The tunnel, which first carried steam-powered tube trains, is approaching a much-needed face-lift which will coinciding with the Jubilee line extension.

London Transport has developed a reputation amongst heritage groups for clumsiness since it ripped out 1,100 station signs, some from listed buildings, and auctioned them last year.

Earlier this month LT was criticised for felling too many trees in its eagerness to keep the fabled leaves off the line.

"We shall be keeping a careful eye on them," said Nicholas de Salis, chairman of the Brunel Exhibition at Rotherhithe.

Colonial touch at Oxford Hot on the tracks of London's motorcycle taxi service, a rickshaw service is starting in Oxford to transport tourists and, hopefully, regular passengers around the increasingly restricted city. It is run by Erica Steinhauer, an enthusiastic former hippy who set up a bead importing company in the 1980s which developed a turnover of £250,000 before folding when her marriage collapsed and big customers pulled out.

She and her 17-year-old daughter are currently raising money, up to £85,000, through Henley-based Venture Capital Report. They hope to buy 15 brightly decorated, two-seater rickshaws imported from India. They will be operated from a city centre kiosk selling exotic goods. Ms Steinhauer is also hoping to develop an innovative kinetic spring that will help exhausted students to start the heavy vehicles rolling.

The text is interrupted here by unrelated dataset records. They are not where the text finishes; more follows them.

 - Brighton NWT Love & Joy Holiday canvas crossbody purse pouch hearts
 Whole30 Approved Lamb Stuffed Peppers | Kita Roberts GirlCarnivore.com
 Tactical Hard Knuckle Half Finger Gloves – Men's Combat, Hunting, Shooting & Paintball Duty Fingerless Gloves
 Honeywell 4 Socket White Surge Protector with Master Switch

The scheme has faced challenges, aired in the local newspapers, from taxi drivers, town planners and those resentful of the rickshaws' colonial connotations. But Ms Steinhauer is convinced that, with car bans spreading and 2 million visitors flocking tothe university city, the service will be a success. "I suppose some would regard our venture as unsafe, demeaning and exploitative," the former bead-seller admits. "But we think it will reduce congestion in a beautiful city and provide employment."

Problems of a larger kind: Concerned staff at sensitive retailers John Lewis are worried that the brand name for the range of larger-sized women's clothes may be a bit on the blunt side. They say that emblazoning the racks with "18-plus" may inhibit browsing, according to a correspondent in the in-house magazine. Mind you, the alternatives the letter-writer suggests are not much better. "Generous Girls" and "Wider Horizons" seem hardly more tactful.

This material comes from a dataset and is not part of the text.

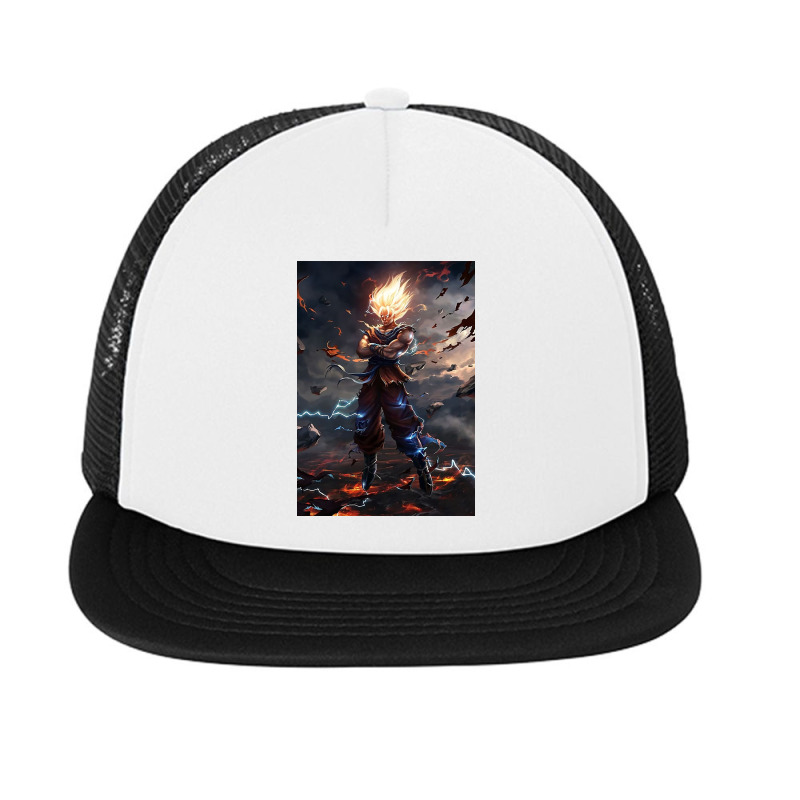 Son Goku Super Saiyan Foam Snapback hat by Marie E | Artistshot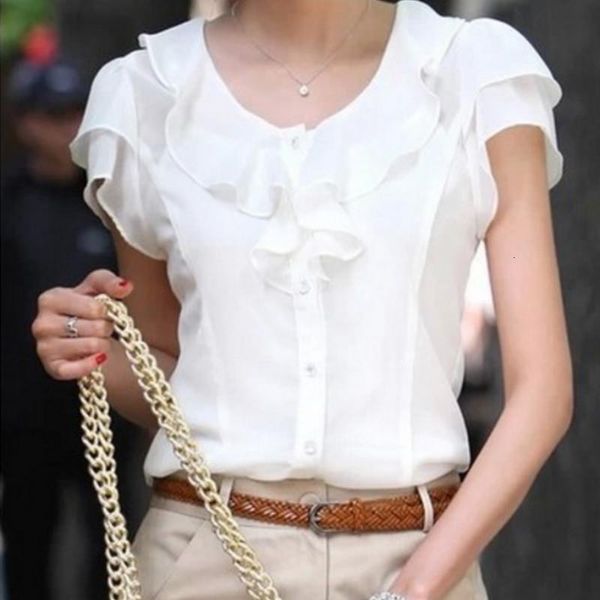 5xl plus size new summer women blusas fashion short sleeve ruffles chiffon blouse solid white blusas casual summer blouses
5xl plus size new summer women blusas fashion short sleeve ruffles chiffon blouse solid white blusas casual summer blouses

Short of money? You might think of becoming a mechanic at Glaxo, the acquisitive pharmaceuticals company. Defending his £930,000 salary Sir Richard Sykes, boffin-turned-chief executive, recently boasted that, hour-for-hour, the man who mended his car waspaid more. If he worked every hour God gave him, Sir Richard would be earning £106.16, which makes me wonder how much he pays the lucky man who fixes his car.